— Description of the task —
Return all of the material exactly; no line may be dropped.

— Exercise data —
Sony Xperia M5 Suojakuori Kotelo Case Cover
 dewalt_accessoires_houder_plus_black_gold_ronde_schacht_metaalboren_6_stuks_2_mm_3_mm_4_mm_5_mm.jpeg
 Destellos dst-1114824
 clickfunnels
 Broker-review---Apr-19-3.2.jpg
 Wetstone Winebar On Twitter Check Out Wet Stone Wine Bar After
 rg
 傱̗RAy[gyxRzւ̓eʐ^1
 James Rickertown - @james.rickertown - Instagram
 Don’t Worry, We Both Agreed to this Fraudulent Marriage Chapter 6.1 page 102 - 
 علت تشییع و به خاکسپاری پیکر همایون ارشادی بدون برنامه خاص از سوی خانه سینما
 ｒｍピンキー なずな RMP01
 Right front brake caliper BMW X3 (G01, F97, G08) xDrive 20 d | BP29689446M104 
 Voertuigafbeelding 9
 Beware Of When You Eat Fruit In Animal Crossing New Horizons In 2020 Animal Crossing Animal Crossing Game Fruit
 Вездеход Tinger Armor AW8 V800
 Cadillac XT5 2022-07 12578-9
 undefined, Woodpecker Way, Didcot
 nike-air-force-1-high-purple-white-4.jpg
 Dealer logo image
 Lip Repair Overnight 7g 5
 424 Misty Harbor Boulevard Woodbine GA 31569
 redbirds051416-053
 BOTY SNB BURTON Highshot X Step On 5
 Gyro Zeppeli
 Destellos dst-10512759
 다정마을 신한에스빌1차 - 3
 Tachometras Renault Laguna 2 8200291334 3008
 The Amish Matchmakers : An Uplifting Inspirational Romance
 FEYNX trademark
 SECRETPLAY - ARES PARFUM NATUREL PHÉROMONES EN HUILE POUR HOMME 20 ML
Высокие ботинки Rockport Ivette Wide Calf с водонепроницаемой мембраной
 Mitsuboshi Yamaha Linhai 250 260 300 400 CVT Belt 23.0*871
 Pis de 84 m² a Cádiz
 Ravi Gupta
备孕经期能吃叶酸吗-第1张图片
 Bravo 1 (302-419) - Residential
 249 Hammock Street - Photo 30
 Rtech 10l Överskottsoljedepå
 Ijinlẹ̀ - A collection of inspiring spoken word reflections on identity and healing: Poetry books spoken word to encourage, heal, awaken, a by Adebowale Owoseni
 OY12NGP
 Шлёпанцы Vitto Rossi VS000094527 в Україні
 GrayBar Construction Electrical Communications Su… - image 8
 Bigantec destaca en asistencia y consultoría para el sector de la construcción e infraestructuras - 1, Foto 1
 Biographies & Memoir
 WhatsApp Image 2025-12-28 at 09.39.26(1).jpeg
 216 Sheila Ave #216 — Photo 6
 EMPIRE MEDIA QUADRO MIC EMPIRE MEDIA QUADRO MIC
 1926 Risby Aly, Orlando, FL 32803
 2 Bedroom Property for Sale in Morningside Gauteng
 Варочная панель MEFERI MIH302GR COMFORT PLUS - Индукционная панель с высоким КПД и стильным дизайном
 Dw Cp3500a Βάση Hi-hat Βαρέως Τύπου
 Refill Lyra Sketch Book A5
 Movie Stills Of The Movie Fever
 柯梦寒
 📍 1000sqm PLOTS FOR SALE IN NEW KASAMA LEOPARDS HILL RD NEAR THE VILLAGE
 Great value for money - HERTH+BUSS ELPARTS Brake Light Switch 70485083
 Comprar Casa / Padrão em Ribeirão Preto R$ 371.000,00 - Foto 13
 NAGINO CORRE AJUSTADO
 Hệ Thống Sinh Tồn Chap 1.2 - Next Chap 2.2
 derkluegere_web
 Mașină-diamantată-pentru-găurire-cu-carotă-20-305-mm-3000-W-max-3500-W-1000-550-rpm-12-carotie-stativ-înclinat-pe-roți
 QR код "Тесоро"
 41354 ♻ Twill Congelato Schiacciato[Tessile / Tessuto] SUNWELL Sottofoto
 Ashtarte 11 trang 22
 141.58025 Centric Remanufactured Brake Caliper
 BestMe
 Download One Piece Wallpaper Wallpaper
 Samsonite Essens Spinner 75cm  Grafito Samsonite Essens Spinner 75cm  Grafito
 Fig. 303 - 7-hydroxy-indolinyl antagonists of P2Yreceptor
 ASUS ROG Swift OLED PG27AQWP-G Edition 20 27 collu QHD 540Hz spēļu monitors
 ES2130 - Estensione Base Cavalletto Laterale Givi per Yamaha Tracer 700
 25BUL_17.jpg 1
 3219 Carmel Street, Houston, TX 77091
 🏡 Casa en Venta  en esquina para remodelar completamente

— Written solution —
Sony Xperia M5 Suojakuori Kotelo Case Cover
 dewalt_accessoires_houder_plus_black_gold_ronde_schacht_metaalboren_6_stuks_2_mm_3_mm_4_mm_5_mm.jpeg
 Destellos dst-1114824
 clickfunnels
 Broker-review---Apr-19-3.2.jpg
 Wetstone Winebar On Twitter Check Out Wet Stone Wine Bar After
 rg
 傱̗RAy[gyxRzւ̓eʐ^1
 James Rickertown - @james.rickertown - Instagram
 Don’t Worry, We Both Agreed to this Fraudulent Marriage Chapter 6.1 page 102 - 
 علت تشییع و به خاکسپاری پیکر همایون ارشادی بدون برنامه خاص از سوی خانه سینما
 ｒｍピンキー なずな RMP01
 Right front brake caliper BMW X3 (G01, F97, G08) xDrive 20 d | BP29689446M104 
 Voertuigafbeelding 9
 Beware Of When You Eat Fruit In Animal Crossing New Horizons In 2020 Animal Crossing Animal Crossing Game Fruit
 Вездеход Tinger Armor AW8 V800
 Cadillac XT5 2022-07 12578-9
 undefined, Woodpecker Way, Didcot
 nike-air-force-1-high-purple-white-4.jpg
 Dealer logo image
 Lip Repair Overnight 7g 5
 424 Misty Harbor Boulevard Woodbine GA 31569
 redbirds051416-053
 BOTY SNB BURTON Highshot X Step On 5
 Gyro Zeppeli
 Destellos dst-10512759
 다정마을 신한에스빌1차 - 3
 Tachometras Renault Laguna 2 8200291334 3008
 The Amish Matchmakers : An Uplifting Inspirational Romance
 FEYNX trademark
 SECRETPLAY - ARES PARFUM NATUREL PHÉROMONES EN HUILE POUR HOMME 20 ML
Высокие ботинки Rockport Ivette Wide Calf с водонепроницаемой мембраной
 Mitsuboshi Yamaha Linhai 250 260 300 400 CVT Belt 23.0*871
 Pis de 84 m² a Cádiz
 Ravi Gupta
备孕经期能吃叶酸吗-第1张图片
 Bravo 1 (302-419) - Residential
 249 Hammock Street - Photo 30
 Rtech 10l Överskottsoljedepå
 Ijinlẹ̀ - A collection of inspiring spoken word reflections on identity and healing: Poetry books spoken word to encourage, heal, awaken, a by Adebowale Owoseni
 OY12NGP
 Шлёпанцы Vitto Rossi VS000094527 в Україні
 GrayBar Construction Electrical Communications Su… - image 8
 Bigantec destaca en asistencia y consultoría para el sector de la construcción e infraestructuras - 1, Foto 1
 Biographies & Memoir
 WhatsApp Image 2025-12-28 at 09.39.26(1).jpeg
 216 Sheila Ave #216 — Photo 6
 EMPIRE MEDIA QUADRO MIC EMPIRE MEDIA QUADRO MIC
 1926 Risby Aly, Orlando, FL 32803
 2 Bedroom Property for Sale in Morningside Gauteng
 Варочная панель MEFERI MIH302GR COMFORT PLUS - Индукционная панель с высоким КПД и стильным дизайном
 Dw Cp3500a Βάση Hi-hat Βαρέως Τύπου
 Refill Lyra Sketch Book A5
 Movie Stills Of The Movie Fever
 柯梦寒
 📍 1000sqm PLOTS FOR SALE IN NEW KASAMA LEOPARDS HILL RD NEAR THE VILLAGE
 Great value for money - HERTH+BUSS ELPARTS Brake Light Switch 70485083
 Comprar Casa / Padrão em Ribeirão Preto R$ 371.000,00 - Foto 13
 NAGINO CORRE AJUSTADO
 Hệ Thống Sinh Tồn Chap 1.2 - Next Chap 2.2
 derkluegere_web
 Mașină-diamantată-pentru-găurire-cu-carotă-20-305-mm-3000-W-max-3500-W-1000-550-rpm-12-carotie-stativ-înclinat-pe-roți
 QR код "Тесоро"
 41354 ♻ Twill Congelato Schiacciato[Tessile / Tessuto] SUNWELL Sottofoto
 Ashtarte 11 trang 22
 141.58025 Centric Remanufactured Brake Caliper
 BestMe
 Download One Piece Wallpaper Wallpaper
 Samsonite Essens Spinner 75cm  Grafito Samsonite Essens Spinner 75cm  Grafito
 Fig. 303 - 7-hydroxy-indolinyl antagonists of P2Yreceptor
 ASUS ROG Swift OLED PG27AQWP-G Edition 20 27 collu QHD 540Hz spēļu monitors
 ES2130 - Estensione Base Cavalletto Laterale Givi per Yamaha Tracer 700
 25BUL_17.jpg 1
 3219 Carmel Street, Houston, TX 77091
 🏡 Casa en Venta  en esquina para remodelar completamente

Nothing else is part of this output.